Combining Cold Therapy Water Therapy and Intermittent Fasting

The similarities between intermittent fasting and cold water therapy are endless.

They are both 100% free and are natural ways to improve physical and mental health.

They work because they add stress onto the body. Not all stress is bad, in fact, adding controlled physical stress onto the body makes your body more stress resiliant.

Exercise is an example of physical stress on the body. When you exercise, you bring about specific adaptations to become fitter, faster or stronger.

The same can be said for intermittent fasting and cold water therapy. There are specific adaptations which occur when you incorporate them.

Having said that, it’s important not to add too much stress onto the body at any one time. Be mindful of your lifestyle and learn to listen to your body.

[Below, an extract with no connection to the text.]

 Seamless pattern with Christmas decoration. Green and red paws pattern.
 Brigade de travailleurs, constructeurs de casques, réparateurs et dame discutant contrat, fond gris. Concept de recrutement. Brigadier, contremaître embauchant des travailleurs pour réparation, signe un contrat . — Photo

Cold Water Therapy and Exercise

As mentioned above, cold water therapy can be a great way to speed up recovery from hard exercise and injury. However, if you are practicing cold water therapy regularly, you need to make sure that you warm your muscles up after.

Muscles perform best when they are warm, it promotes blood flow and muscle activation.

If you start your day with a cold shower, your muscles will be cold after and might take a long time to warm up again. If you exercise later in the day, you might not get the most out of the training.

My advice is to finish off hot. If you can, have a warm shower after your cold water therapy, or even better, jump in a sauna!

Where to start?

At the end of your morning shower turn down the temperate as low as you can handle and stay in for as long as possible – I like to stay in for around 4 minutes.

Focus solely on your breath, take big deep controlled breaths. It will feel horrible for the first 20 seconds or so but you get used to the sensation of your skin being cold quite quickly.

Practice this every day and if you feel brave enough you could attempt an ice bath! Buy a few bags of ice from your local supermarket and fill your bath with them. Add cold water and submerge yourself in the ice. Try and stay in for at least 5 minutes to get the full benefits.

Even better, find your nearest wild swimming spot and/or join a local wild swimming club. There are hundreds up and down the country and can be a great way to join a community of like minded people.

To sum everything up…

Conditioning your brain and your body to accept, endure and embrace cold water immersion may be challenging, but the health benefits in both the short- and long-run are well worth it.

Like with fasting you will be able to activate your body’s natural healing powers to properly support your physiological and mental state of being, and perhaps begin to simply feel healthier and happier.

Even if you begin with a quick, cold shower, lowering your skin temperature only briefly, the results can be dramatic!